Medienbericht: DSDS: Viele bekommen keine Entschädigung - Aus aller Welt - Aktuelle Nachrichten zum Thema Boulevard, TV, Prominente, Musik. - Augsburger Allgemeine



> Dabei hatte RTL versprochen, allen Anrufern der 5. Mottoshow von DSDS,  die einen Einzelverbindungsnachweis präsentieren können, ihr Geld für  nicht gezählte Anrufe wieder zurückzugeben. "Zuschauern, die von einem  Prepaidhandy aus anriefen, ist ein solcher Nachweis nicht möglich",  erklärte ein Sprecher eines der Unternehmen, die für das Telefonvoting  zuständig sind, gegenüber dem Nachrichtenmagazin Focus.
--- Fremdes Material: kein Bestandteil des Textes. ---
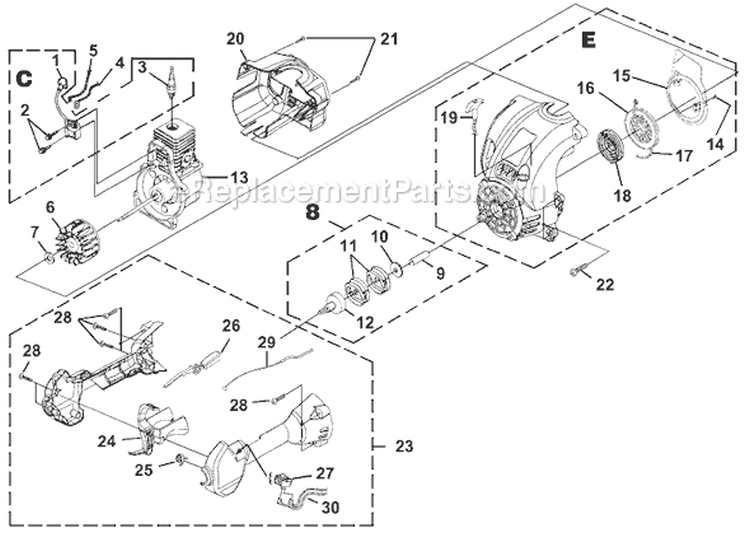 Page C Diagram and Parts List for BC900 UT-15172 Homelite Trimmer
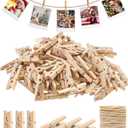 Sturdy Mini Clothes Pins for Photo, 150 Pcs 1 Inch Natural Wooden Clothespins with 33 FT Jute Twine, Small Clips for Crafts Display, Baby Shower Game, Hanging Decorative Pictures, Cocktail, Weddings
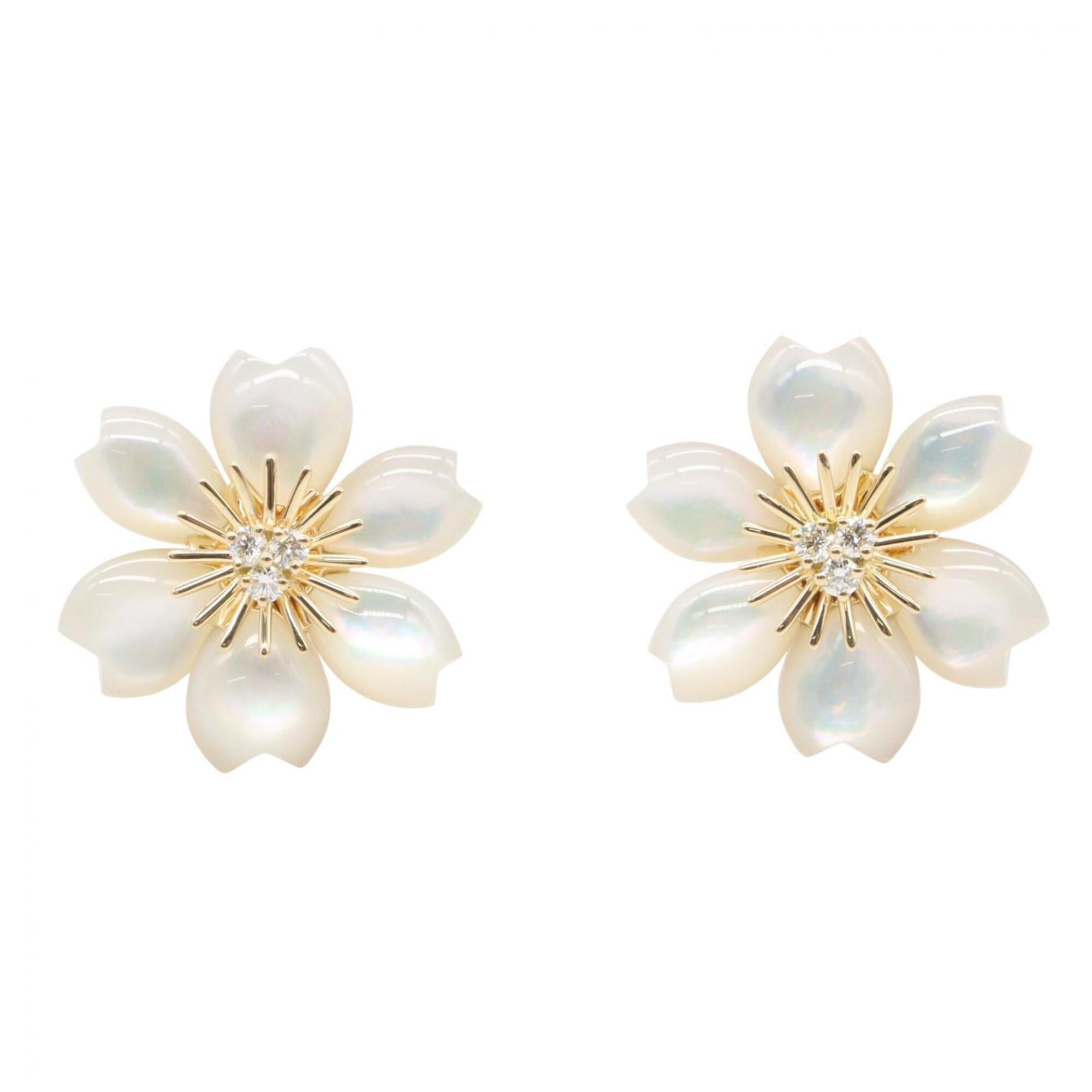 Van Cleef & Arpels Rose de No‘l Diamond Mini Earrings, 18K White Gold (18KWG), Mother-of-Pearl, Wome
Das ist faslch. Man sollte fragen, welche ungenannte "beteiligte" Firma das behauptet. Warum diese Ungenauigkeiten in der Berichterstattung, wenn es um solche Themen geht? Man könnte die Firma nennen und man müsste darauf hinweisen, dass es schlicht nicht stimmt. Ich habe eine Vodafone-Prepaidkarte und mir ggü. erklärte Vodafone, dass man "natürlich die Anrufe ausfiltern und zurückbuchen kiann" - da ging es um einen 0900-Rückruf. Der wurde damals ausgebucht und mein Guthaben entsprechend korrigiert - übrigens bekam ich *danach* mehrfach die Auskunft seitens Vodafone, dass dies leider nicht möglich sei...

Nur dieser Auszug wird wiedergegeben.